Short web captions:
----------------------------------------
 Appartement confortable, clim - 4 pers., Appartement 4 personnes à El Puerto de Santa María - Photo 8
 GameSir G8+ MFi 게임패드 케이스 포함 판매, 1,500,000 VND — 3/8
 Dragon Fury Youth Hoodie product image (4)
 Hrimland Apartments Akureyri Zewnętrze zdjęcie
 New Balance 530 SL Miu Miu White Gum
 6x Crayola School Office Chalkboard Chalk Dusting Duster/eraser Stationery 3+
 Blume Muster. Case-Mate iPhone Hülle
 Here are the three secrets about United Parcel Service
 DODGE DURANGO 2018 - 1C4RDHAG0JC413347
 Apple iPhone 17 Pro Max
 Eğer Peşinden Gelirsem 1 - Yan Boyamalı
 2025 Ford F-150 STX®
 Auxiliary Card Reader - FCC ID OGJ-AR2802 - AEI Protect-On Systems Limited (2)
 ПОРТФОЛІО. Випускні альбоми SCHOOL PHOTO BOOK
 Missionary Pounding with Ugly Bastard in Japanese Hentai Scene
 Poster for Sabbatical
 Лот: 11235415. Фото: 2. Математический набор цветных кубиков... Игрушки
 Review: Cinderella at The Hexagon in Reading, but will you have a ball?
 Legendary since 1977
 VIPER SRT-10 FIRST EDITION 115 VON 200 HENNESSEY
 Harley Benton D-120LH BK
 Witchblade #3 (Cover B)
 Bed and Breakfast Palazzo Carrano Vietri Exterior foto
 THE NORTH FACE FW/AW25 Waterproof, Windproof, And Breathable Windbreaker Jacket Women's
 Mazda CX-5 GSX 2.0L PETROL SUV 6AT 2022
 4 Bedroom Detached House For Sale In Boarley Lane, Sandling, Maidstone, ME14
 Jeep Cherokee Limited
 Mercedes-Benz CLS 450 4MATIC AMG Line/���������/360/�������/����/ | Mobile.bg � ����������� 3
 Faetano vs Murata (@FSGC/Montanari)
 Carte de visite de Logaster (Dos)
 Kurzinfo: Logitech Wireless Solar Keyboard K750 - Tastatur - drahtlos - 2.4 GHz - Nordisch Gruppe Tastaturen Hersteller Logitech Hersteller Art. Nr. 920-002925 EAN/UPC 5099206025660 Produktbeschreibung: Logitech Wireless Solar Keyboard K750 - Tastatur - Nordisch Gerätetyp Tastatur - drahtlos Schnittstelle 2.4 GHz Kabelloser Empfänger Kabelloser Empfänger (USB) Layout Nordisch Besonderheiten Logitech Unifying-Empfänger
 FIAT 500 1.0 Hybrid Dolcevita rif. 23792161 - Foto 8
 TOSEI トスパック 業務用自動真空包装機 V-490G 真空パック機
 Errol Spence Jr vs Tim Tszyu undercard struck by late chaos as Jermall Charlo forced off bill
----------------------------------------
_What the task asks:_
Copy the records above exactly, please, but only from the first line through the line containing "DODGE DURANGO 2018 - 1C4RDHAG0JC413347".

_Response box:_
 Appartement confortable, clim - 4 pers., Appartement 4 personnes à El Puerto de Santa María - Photo 8
 GameSir G8+ MFi 게임패드 케이스 포함 판매, 1,500,000 VND — 3/8
 Dragon Fury Youth Hoodie product image (4)
 Hrimland Apartments Akureyri Zewnętrze zdjęcie
 New Balance 530 SL Miu Miu White Gum
 6x Crayola School Office Chalkboard Chalk Dusting Duster/eraser Stationery 3+
 Blume Muster. Case-Mate iPhone Hülle
 Here are the three secrets about United Parcel Service
 DODGE DURANGO 2018 - 1C4RDHAG0JC413347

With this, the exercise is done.